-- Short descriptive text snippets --
Start of Block

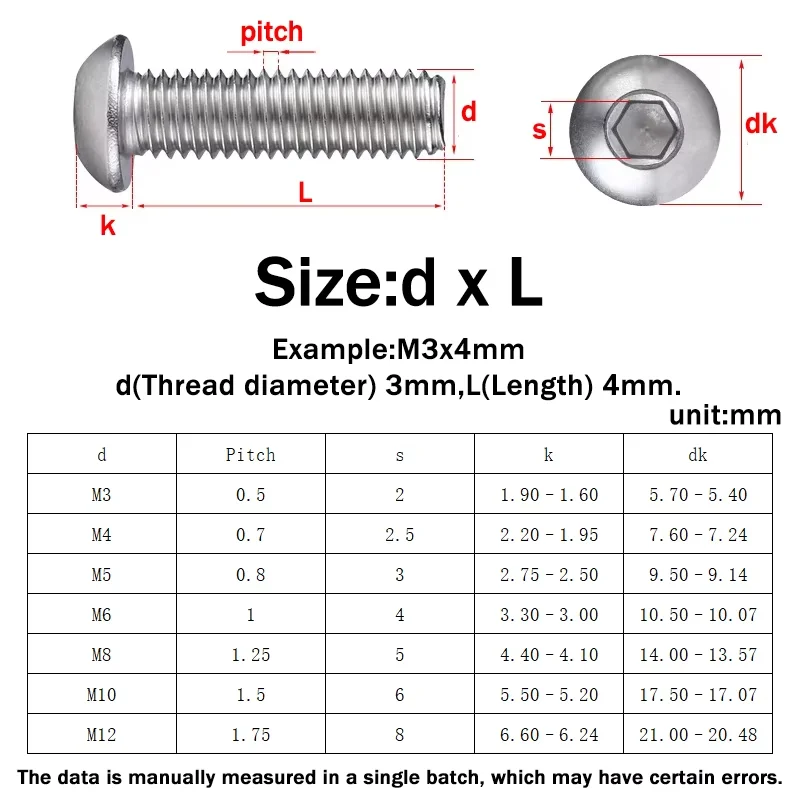 M3 M4 M5 M6 M8 M10 316 Stainless Steel Hex Socket Head Screw Round Inner Hexagon Machine Furniture Bolt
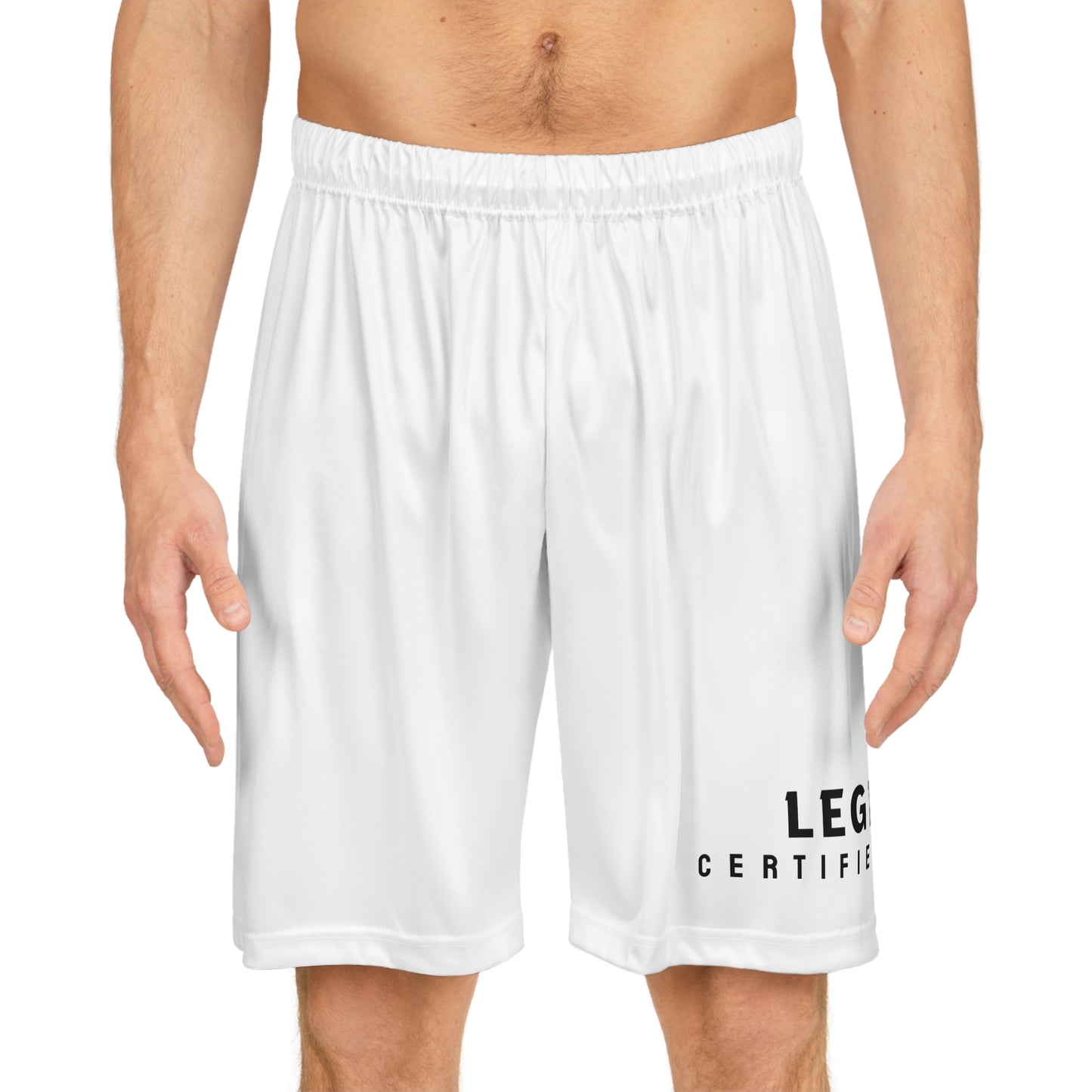 Legend Status Basketball Shorts — White AOP Athletic Trunks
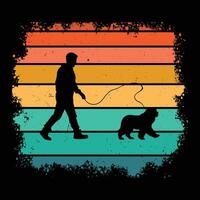 Old English Sheepdog Silhouette in a Retro Sunset Setting vector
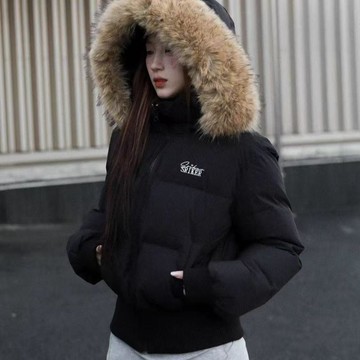 限時下殺⚡美式收腰黑色顯瘦連帽棉衣外套女2025冬季新款高級感短款棉服毛領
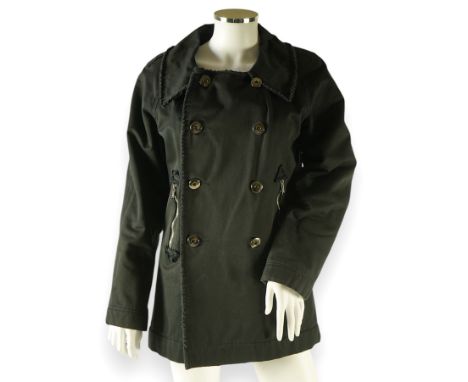 A Louis Vuitton black cotton double breasted coat Size Small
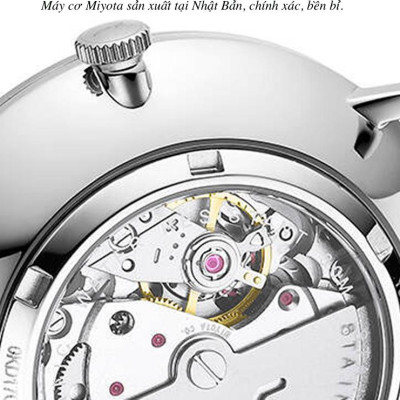 Đồng hồ đeo tay Nam hiệu JONAS & VERUS Y01544-A0.WWWLH, Máy Cơ (Automatic), Kính mo tráng sapphire hạn chế trầy xước, Dây da Italy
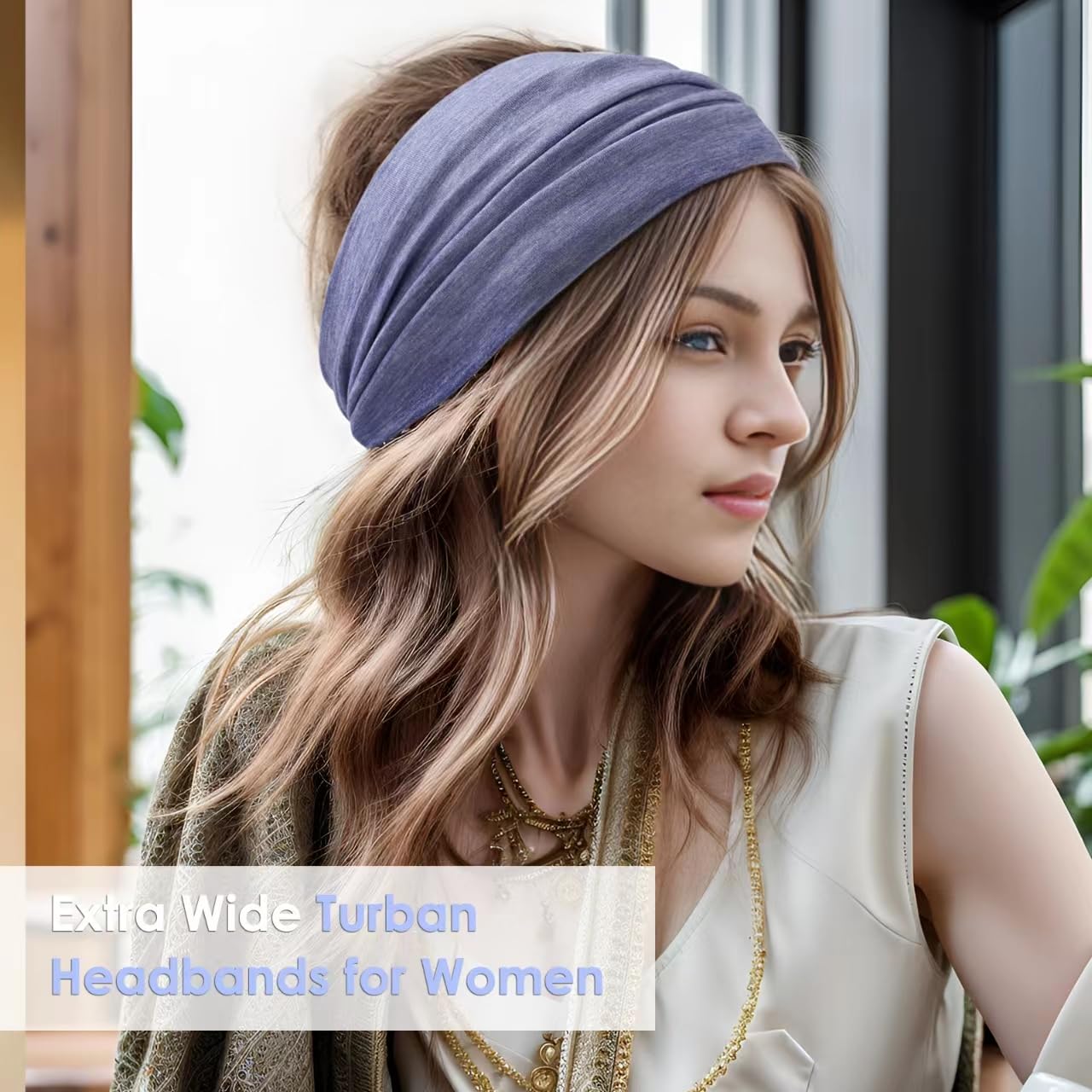 Extra Wide Headbands for Women, 7'' Large Cotton Like Turban Knotted Bandana Head Bands for Women Non Slip, Boho Headbands for Women's Hair (6Pcs Bright Colors, Extra Large 7" Wide)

End of Block

-- WORK TO BE COMPLETED --
Once the pictures are set aside, what is needed is the lines from the line with "A Louis Vuitton" through the end of the data, written out exactly and alone.

-- REPLY --
 A Louis Vuitton black cotton double breasted coat Size Small
 Đồng hồ đeo tay Nam hiệu JONAS & VERUS Y01544-A0.WWWLH, Máy Cơ (Automatic), Kính mo tráng sapphire hạn chế trầy xước, Dây da Italy
 Extra Wide Headbands for Women, 7'' Large Cotton Like Turban Knotted Bandana Head Bands for Women Non Slip, Boho Headbands for Women's Hair (6Pcs Bright Colors, Extra Large 7" Wide)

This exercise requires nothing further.